From: Dave Jiang <dave.jiang@intel.com>
To: alison.schofield@intel.com, Davidlohr Bueso <dave@stgolabs.net>,
Jonathan Cameron <jonathan.cameron@huawei.com>,
Vishal Verma <vishal.l.verma@intel.com>,
Ira Weiny <ira.weiny@intel.com>,
Dan Williams <dan.j.williams@intel.com>
Cc: linux-cxl@vger.kernel.org
Subject: Re: [PATCH] cxl/region: Allow 6 & 12 way regions on 3-way HB interleaves
Date: Mon, 24 Feb 2025 17:41:20 -0700 [thread overview]
Message-ID: <010e16c3-0f90-41b0-8939-4cc8cb26de7a@intel.com> (raw)
In-Reply-To: <20250224235817.2259508-1-alison.schofield@intel.com>
On 2/24/25 4:58 PM, alison.schofield@intel.com wrote:
> From: Alison Schofield <alison.schofield@intel.com>
>
> The CXL driver requires the granularity of a region and it's root
s/it's/its/
> decoder to be the same.

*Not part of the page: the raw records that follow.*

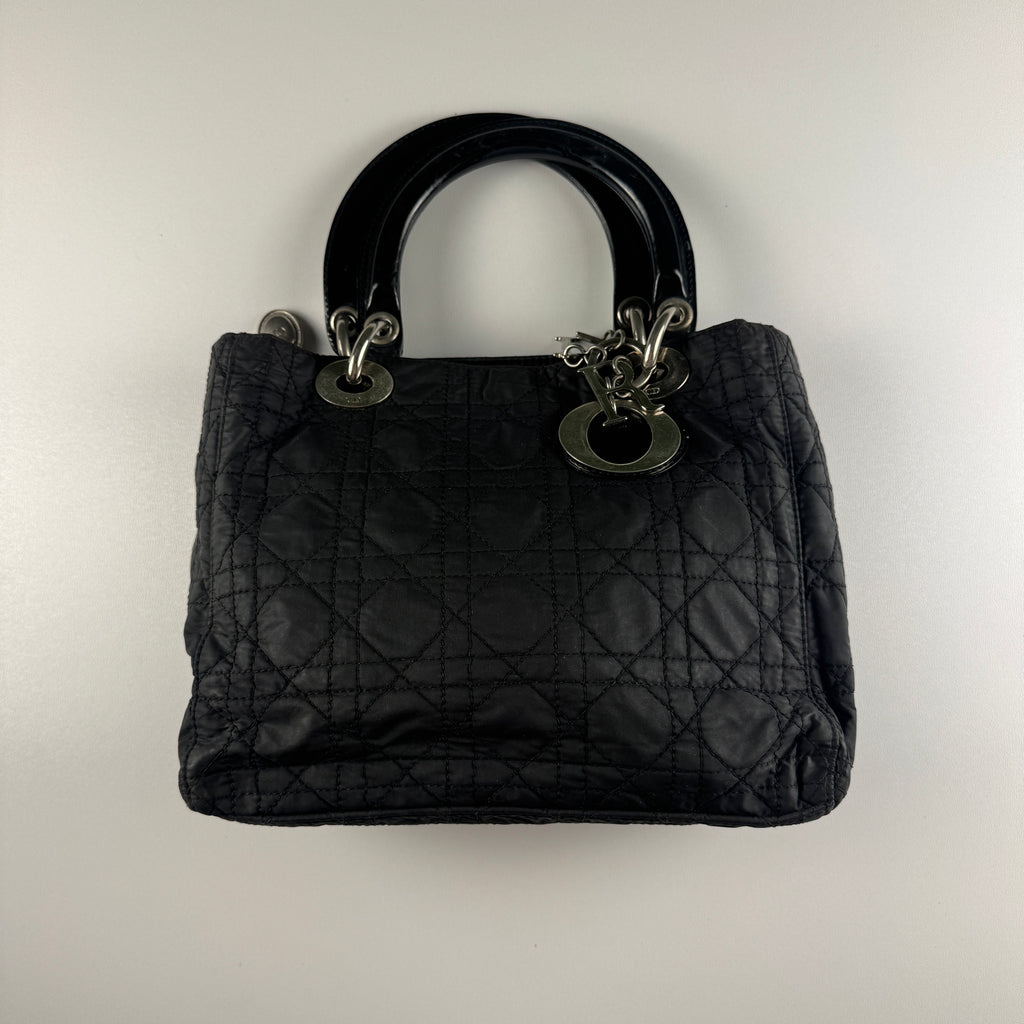 Lady Dior Medium Cannage Nylon Black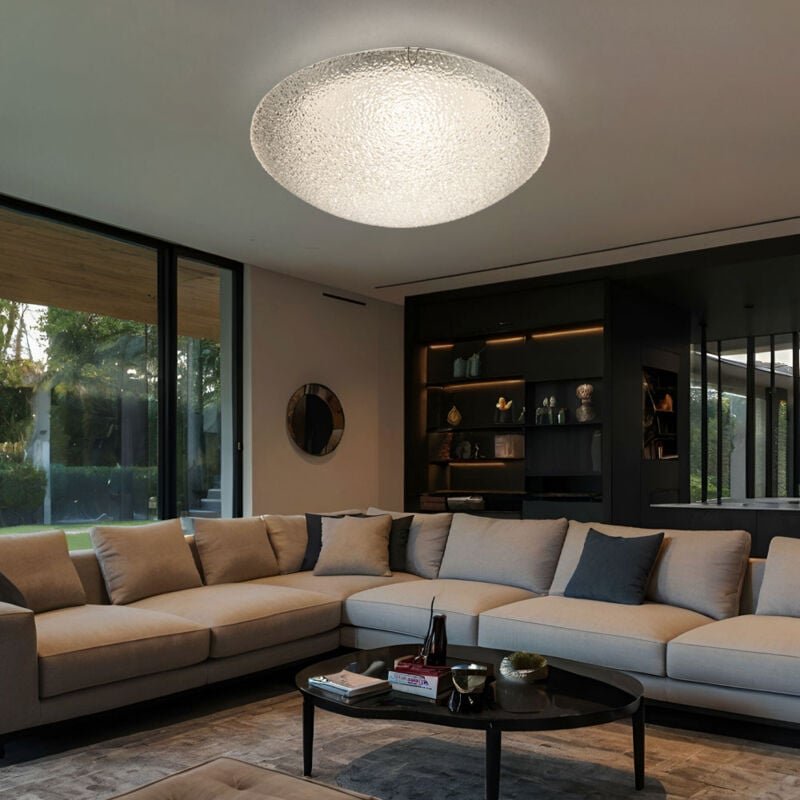 Led Deckenleuchte Modern Wohnzimmerlampe Schlafzimmerleuchte Glas klar Deckenlampe Chrom, geeist rund, 1x led 12 Watt 80...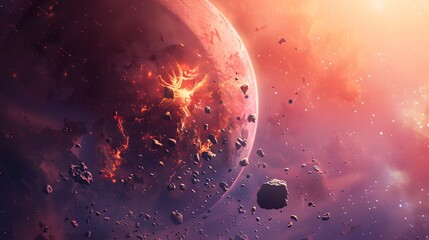 Dramatic Space Scene Featuring an Alien Planet and Floating Debris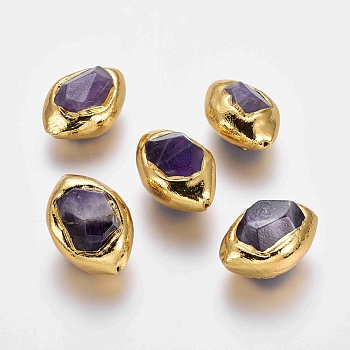 Natural Amethyst Beads, with Golden Plated Edge Brass Findings, Faceted, Olive, 25~34x17~23x16~21mm, Hole: 1~1.4mm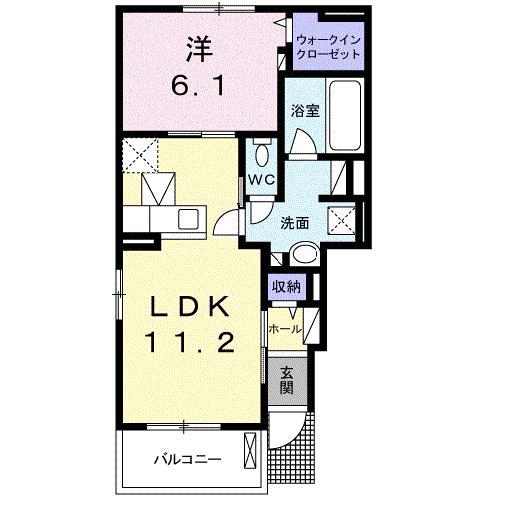 COTARO I(1LDK/1階)の間取り写真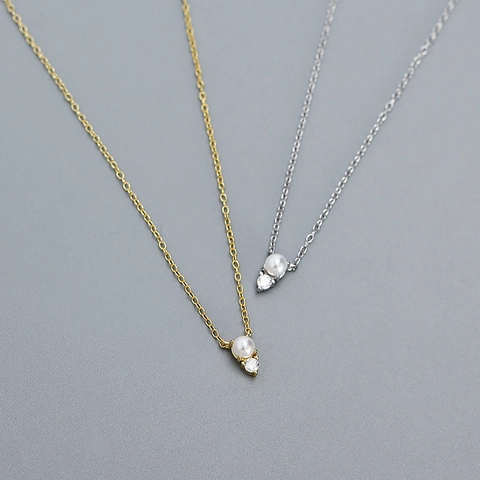925 Sterlingsilber Halskette Mit Rundem Künstliche Perle Strass Anhänger Minimalistische Elegante Schlüsselbeinkette Damen Schmuck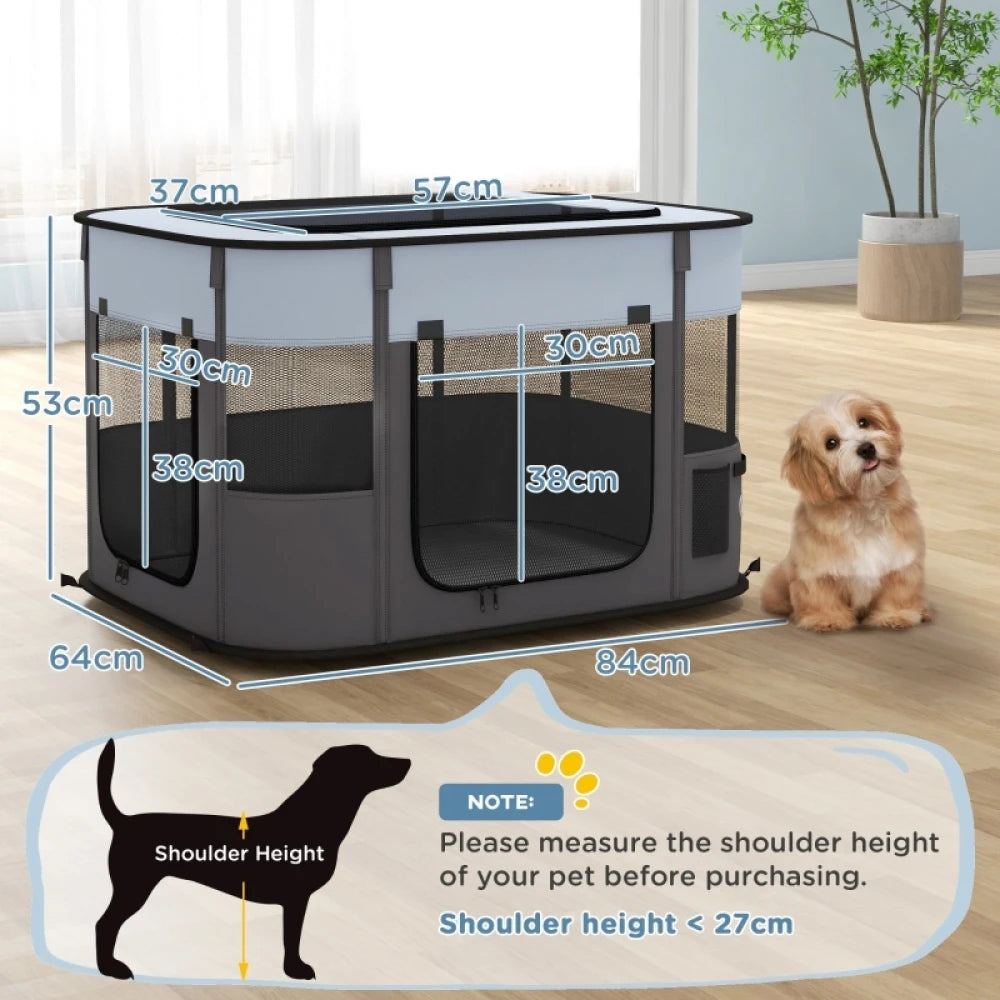 PINGGO Foldable Dog Pen with Storage Bag for Indoor/Outdoor Use, Portable Pet playpen, with Ground Stakes - Grey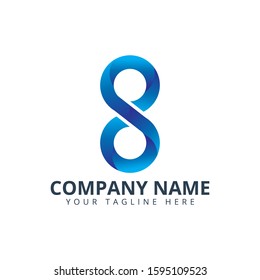 abstract number 8 infinity line logo vector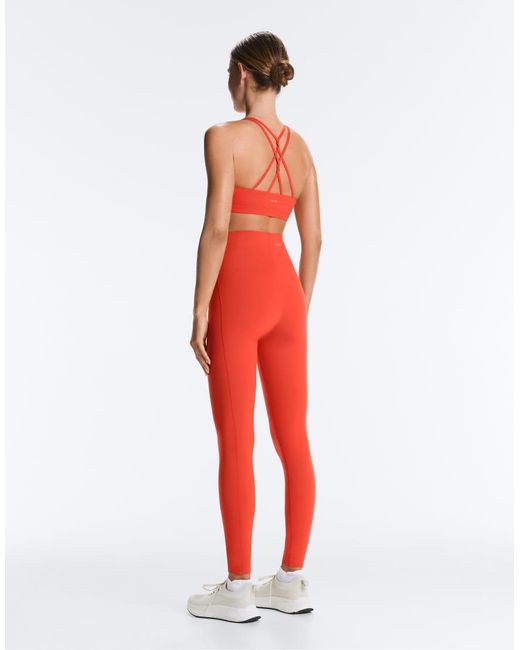 Oysho Red Compressive Core Control Ankle-length leggings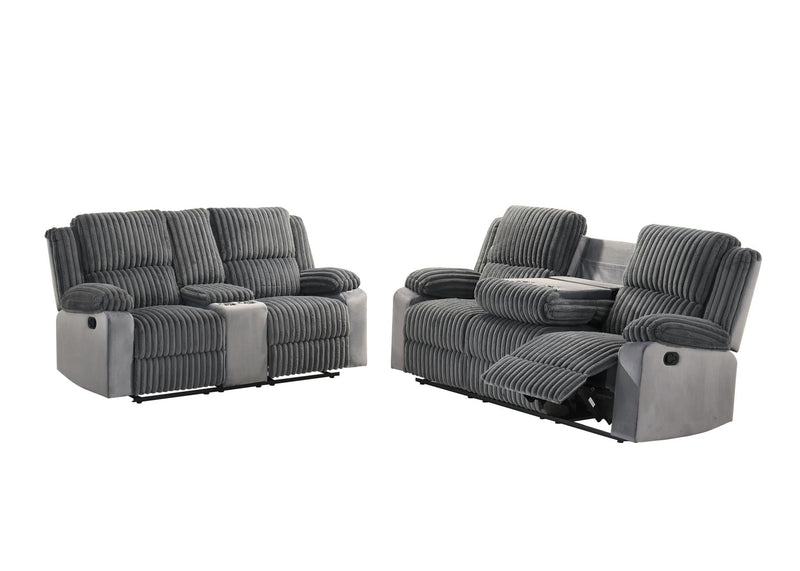 Felix - Gray Manual Reclining, Drop-Down Table, Storage Console and Cup Holder - L629-SL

This is particularly restrictive for 3-way
> host bridge interleaves where the only spec defined interleave
> configurations for creating 6-way and 12-way regions on a 3-way HB
configuration?
> interleave require mixed granularities.
requries?
>
> CXL 3.1 Specification 9.13.1.1:
May as well go to 3.2
> Legal Interleaving Configurations: 12-way, 6-way, and 3-way
>
> Adding support for these new interleaves touches these areas:
>
> 1) User created regions employing "cxl create-region" fail when the
> ndctl tool gets a mixed granularity request. That is addressed in
s/ndctl/CXL CLI/
> a patch to the ndctl tool.
>
> 2) User created regions employing sysfs directly fail at the sysfs
> store of the non-matching region granularity. That restriction is
> lifted here. Note that the driver immediately allows any reasonable
> 3-way HB granularity, but the region config may still fail later
> if the ways/gran between region and root decoder are incompatible.
>
> 3) Auto created regions, in which the drivers role is to reflect
> the BIOS created region and provide RAS support, basically sneak on
> by. The driver ignores the root decoders granularity and assumes it
> is the same as the regions. The impact being that endpoint devices
> appear out of order and DPA to HPA address translations that depend
> on that order are invalid. Here the driver stops making that same
> granularity assumption and checks for an allowable granularity.
>
> A new helper, interleave_granularity_allow(), is used in both the
> user and auto creation path to allow the newly supported configs.
>
> Another new helper, gran_multiple(), is used in sorting, target
> list searching, and distance calculations, supporting the new
> root granularity to region granularity multiples.
>
> And, as noted in 2), there's an added check to see if the
> selected sysfs ways/gran make sense when considered together.
>
> Signed-off-by: Alison Schofield <alison.schofield@intel.com>
> ---
> drivers/cxl/core/region.c | 101 +++++++++++++++++++++++++++++++-------
> 1 file changed, 82 insertions(+), 19 deletions(-)
>
> diff --git a/drivers/cxl/core/region.c b/drivers/cxl/core/region.c
> index 3cb91cf0e2dd..9d4716b7fcf8 100644
> --- a/drivers/cxl/core/region.c
> +++ b/drivers/cxl/core/region.c
> @@ -532,6 +532,31 @@ static ssize_t interleave_granularity_show(struct device *dev,
> return rc;
> }
>
> +static bool interleave_granularity_allow(struct cxl_decoder *cxld, u16 ig)
> +{
> + /*
> + * When the host-bridge is interleaved, disallow region granularity
> + * != root granularity with the exception of 3-way HB interleaves.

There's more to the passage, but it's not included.